デカダンス

日記のような、短編のような、詩のような、俺

散歩

 春からずっとハンガーにかけっぱなしだったお気に入りのベージュのジャケットを着込んで、地面に落ちた銀杏を踏み潰しながら、雨で錆びついたママチャリを漕ぐ。まだ一度も行ったことがない中華屋の前を通り過ぎて、「師走の雨の匂いと〜」なんて口ずさむ。頬をかすめて通り過ぎていく風と、いかにも頭の悪そうなJKの視線はちょっとだけ冷たい。日が暮れるの早くなったなぁ、まだ五時前なのに空はうっすらと暗い。カゴの中では、36巻が揺れている。

 

 こないだ久しぶりに会った笹尾に、

「お前、なんか変わったな。昔はそんな奴じゃなかったぞ。ムカつくわ」

と言われた。素直に喜ぶ気にもなれず、かと言って怒る気にもなれず、あぁ変わっちゃったのかぁ俺、と他人事のように一瞬放心したが、すぐに、いや何も変わってないでしょって思った。変わりたい変わりたいって、駄々こねてた時もあった。でも、それってたぶん変わりたかったんじゃなくて、負けを認めたくなかっただけなんだろうな。いいじゃないか負けっぱなしでも、勝ったり負けたりするよりかはよっぽど楽なんだから。

 

 ヒカキンの動画を見たり、コンビニの廃棄ばかり食っているせいか、笹尾は理解力や頭の回転、社会性など、その他諸々の人間としてのあらゆる能力が落ちているように見えた。「荒んでる」と何度も言っていた。でも、君は何も変わってないね。安心したよ。喋った時に感じる、あのダメな自分が君の奥で共鳴する感じ、メトロノームの奴隷たちには出せない、不格好だけど、嘘のない音、一緒にbaby baby演奏できて楽しかったわ。自分とお前のためだけに編曲した。って言えたらいいな。

 

 

 三日前ぐらいに読者登録してくれた、会ったことも見たこともない女の子。

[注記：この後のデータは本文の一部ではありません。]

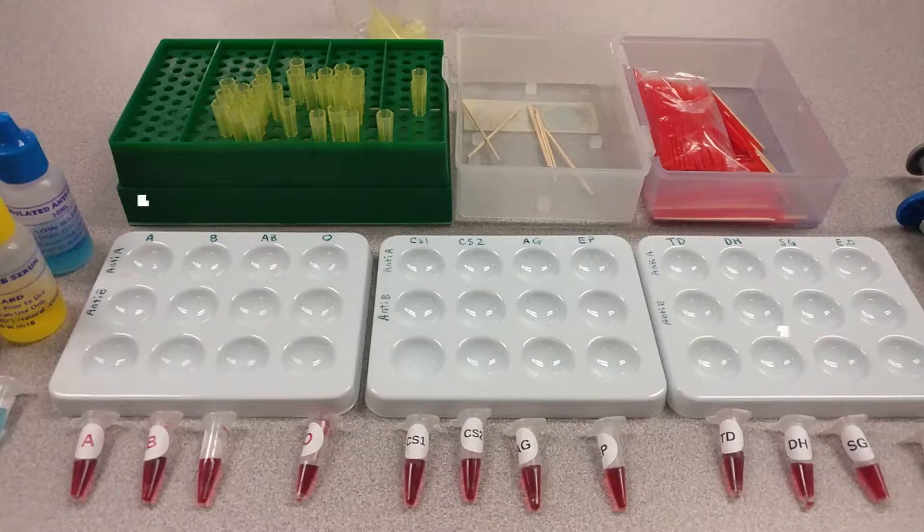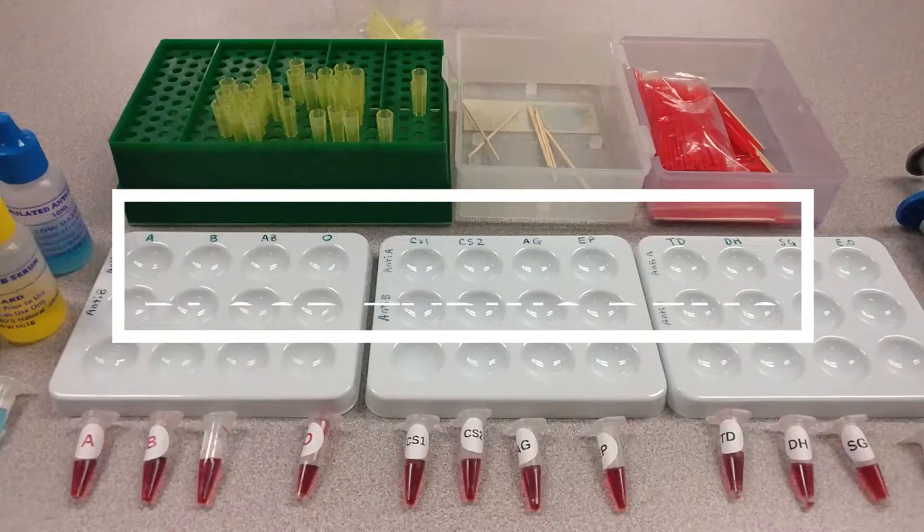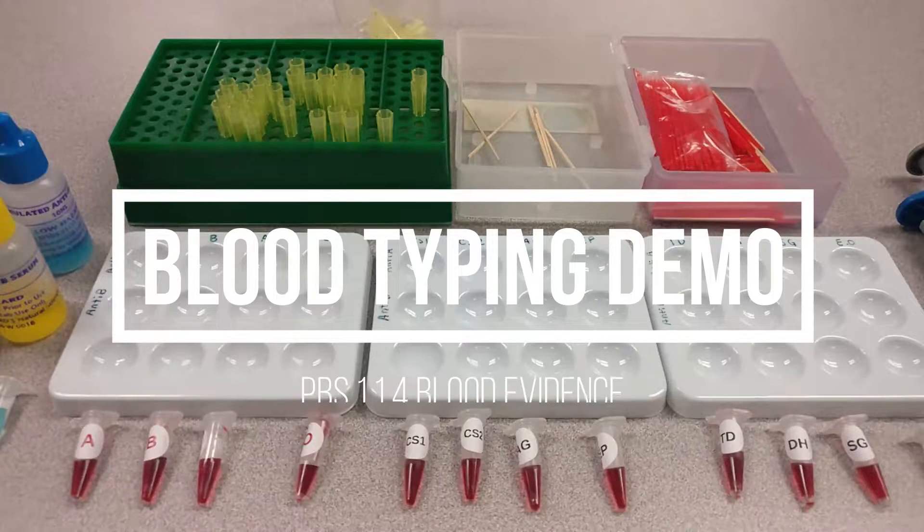Hey everyone, this is the second part of activity 1.14 blood evidence. This part is on blood typing and this is part of the principles of biomedical sciences curriculum at Project Lead the Way.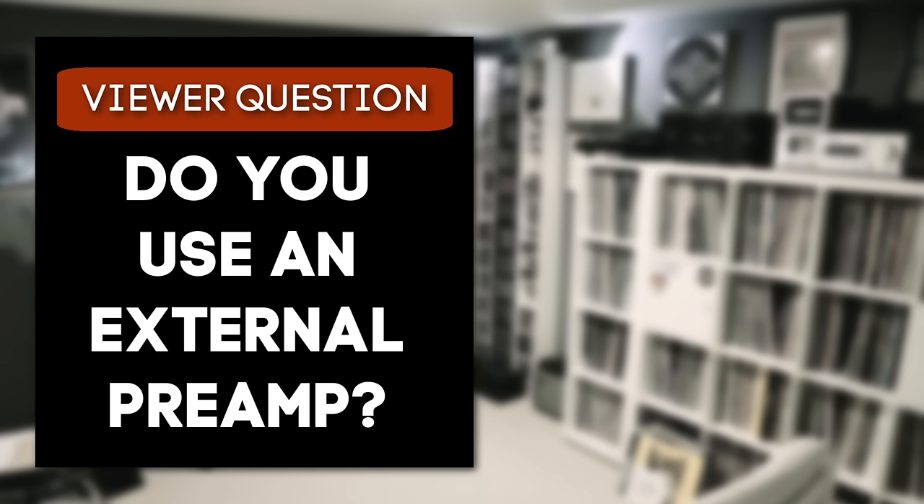Do you use a phono preamp? What do you recommend? Let me know in the comments below. If you liked this video, you might also enjoy my top-rated turntables for $500 or less. I'll see you there in a couple of minutes. Till then, keep on spinning.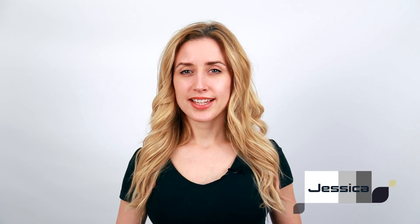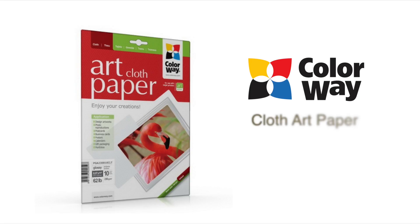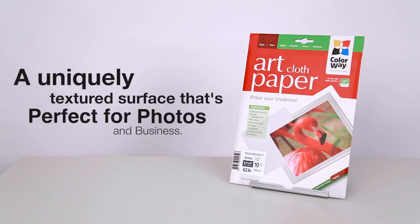Hi, I'm Jessica and this is the Colorway Cloth Art Paper. The Colorway Cloth Art Paper offers a uniquely textured surface in which to print your photos and business materials.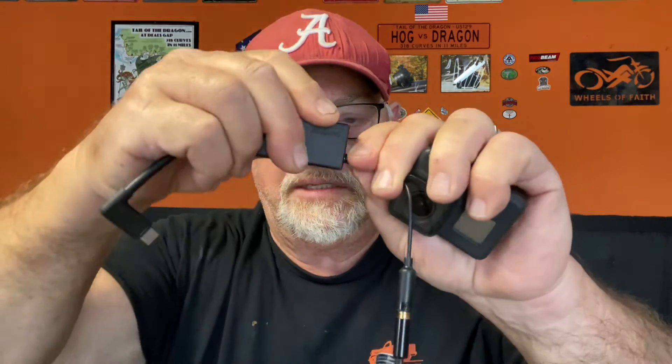Let me get on the right setting and video myself. Testing one two three — this is the day that the Lord has made, I will rejoice and be glad in it. End of test.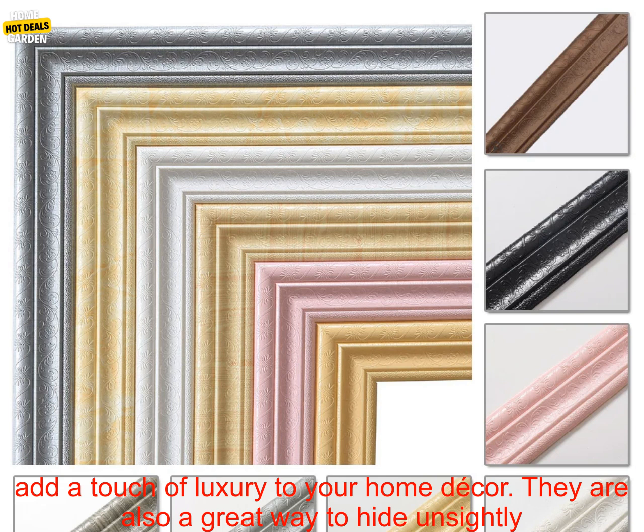3D Foam Wall Edge Strip Stickers are a great way to add a touch of luxury to your home decor. They are also a great way to hide unsightly cracks and gaps. If you are looking for a way to add a touch of style and personality to your home, these stickers are a great option.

最低限の清潔感がないと受け付けないんだってさ、自慰やら膣やらと書きまくってるこの雑記のどこに清潔感があると言うのだろうか。不思議でならない。書いてる人間も清潔感とはかけ離れた場所にいる。右手だけ爪が長いし、肌は汚いし、無造作系と偽って、髪はボサボサでセットしてないし、服はダセェし、気が向かないと髭は剃らねぇし、煙草も吸ってるし、汗っかきで脇は臭いし、精神はいつも退廃と男尊女卑に憧れている。だけど、バンドが大好きっていうのは同じだね。そこだけ合ってりゃあ他が何もかすってなくてもいいような気がするのは僕だけでしょうか。敬具。

 

 その子のブログを最近読んでるんだけど、飾らない等身大の女の子がそこにいて、悩み怒りながらも、何とか笑いながら生きているのは、みんな一緒なんだなぁとコーンポタージュみたいにしみじみ。今度ライブに出刃包丁持っていくんで、見かけたら声かけてね。(昼寝と冗談を排斥する世知辛い世の中に啖呵を切って)

 

 

 今日受けた哲学の授業で、「人間の心はタブララサ(白紙)のようなものである、そこに文字を書き込むのは経験である」と習った。確かに白紙かもしれないけど、そこに書き込まれるのは文字じゃないだろう。経験から得るものなんて、もっとグチャグチャに歪んでねじれた理解できない芸術作品みたいなものだろうな。そういうものを綺麗な言葉にできたらめっちゃカッコイイよね。なぁロック?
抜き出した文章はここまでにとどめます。